Using natural language processing to detect English idioms in documents.
Link to this repo: https://github.com/drussotto/idiom_detection
All data files are already loaded into this repo in the data/ folder. To generate the data from scratch, follow these steps:
-
Run idiom_scraper.py to create the list of idioms (data/idioms.txt)
-
Run idiom_example.py to retrieve the example sentences of idioms (data/idiom_example.csv)
-
Run tag_*.py (brown, gutenberg, reuters, example) to generate sentences where idioms are tagged (e.g. rank#BEGIN and#IN file#IN)
-
Run build_train_test.py to convert the sentences from the text files into pickle files containing the lists of sentences. [List-of [List-of (word, POStag, idiomTag)]]
The following steps are necessary to perform, as they create files needed for modeling that are too large to be stored on github.
-
Get Google's pretrained Word2Vec file here https://drive.google.com/file/d/0B7XkCwpI5KDYNlNUTTlSS21pQmM/edit.
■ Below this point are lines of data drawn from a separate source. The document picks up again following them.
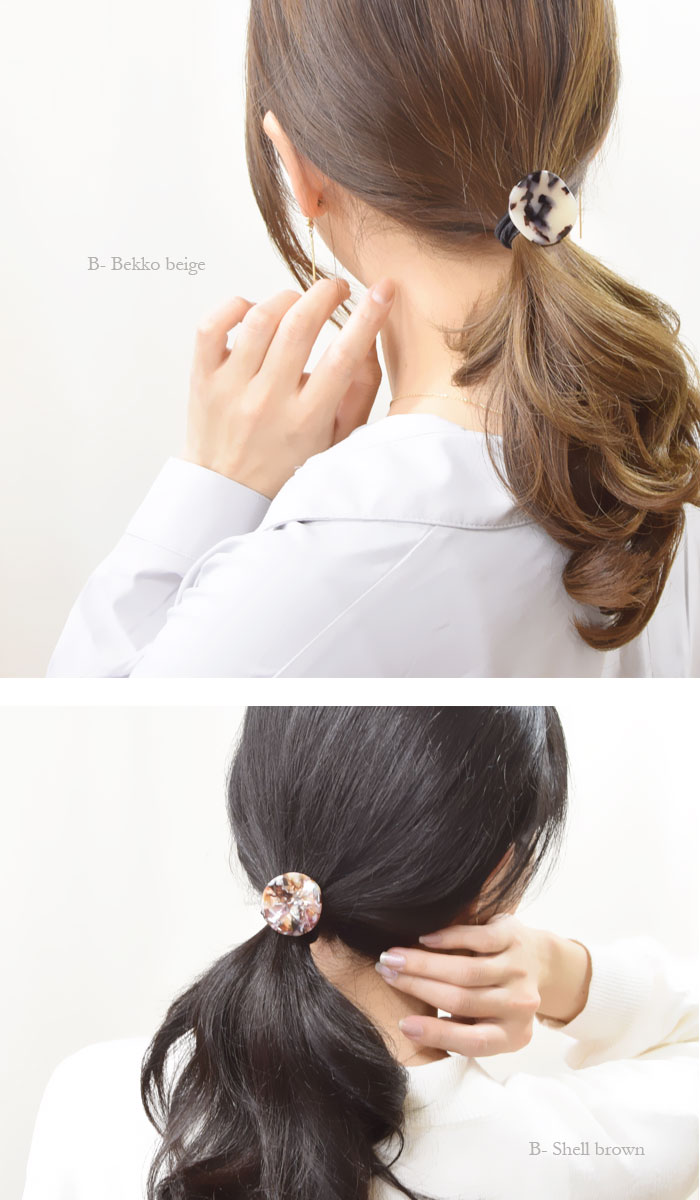 BLAZE デザイン ラウンド ヘアゴム べっ甲 ＆ シェル ヘアアクセサリー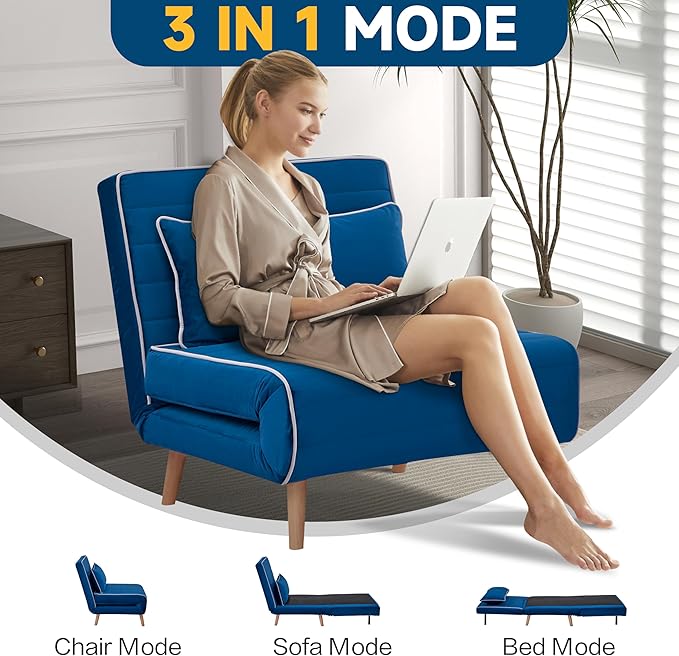 CITTANEO 2 Sets 32" Convertible Sleeper Chair, 3-in-1 Folding Sleeper Chair with Adjustable Backrest and Pillows, 2-Piece Sofa Bed Sets for Apartment, Office, Blue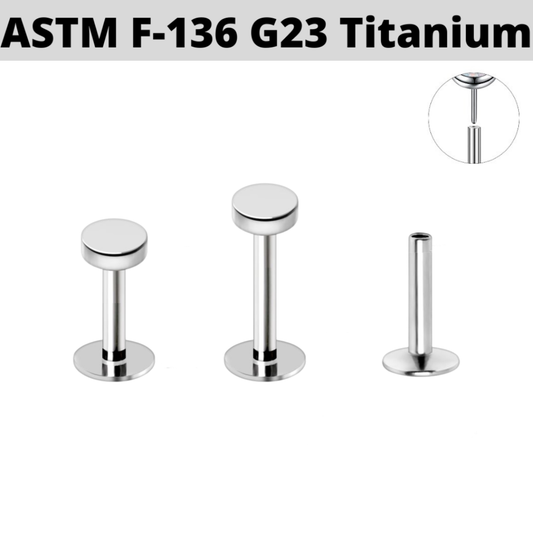 G23 Titanium Threadless Push In 4mm Flat Disc Labret Tragus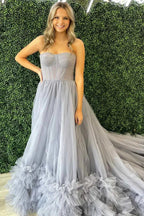 Blue Strapless Tulle Long Formal Dresses SYP168 by vivymakudress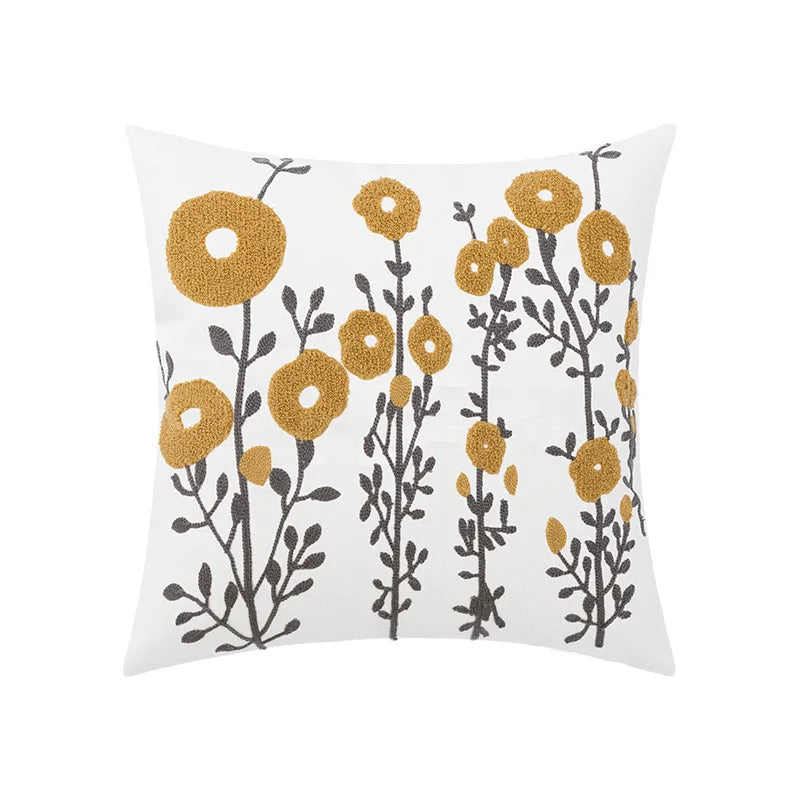 Camellia Chenille Botanical Cushion Cover - 45 x 45cm Cover Only / Vionne / 12000038591318343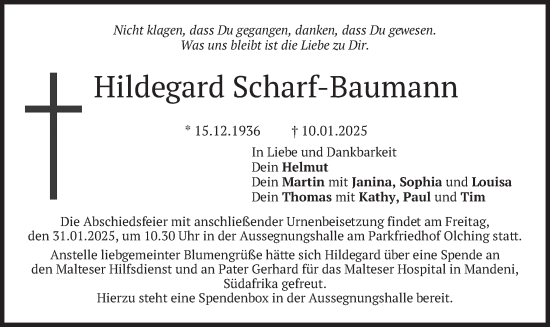 Traueranzeige von Hildegard Scharf-Baumann von merkurtz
Unzip the .gz file and save it in the data/ folder.
-
Run create_n_grams_freq.py to create pickle files that contain the frequencies of unigrams and bigrams in the train and test data.
-
"Model Testing.ipynb" contains a "grid search" of different possible combinations of using Word2Vec similarity scores, PMI/PPMI similarity scores, and how many words ahead and behind to look at.
-
hyperparameter_tuning.py does a formal randomized grid search to see what the "best" regularization terms are.
-
regularization.py performs more intense regularization in an attempt to drive overly specific features down to zero (the result is never predicting the presence of an idiom)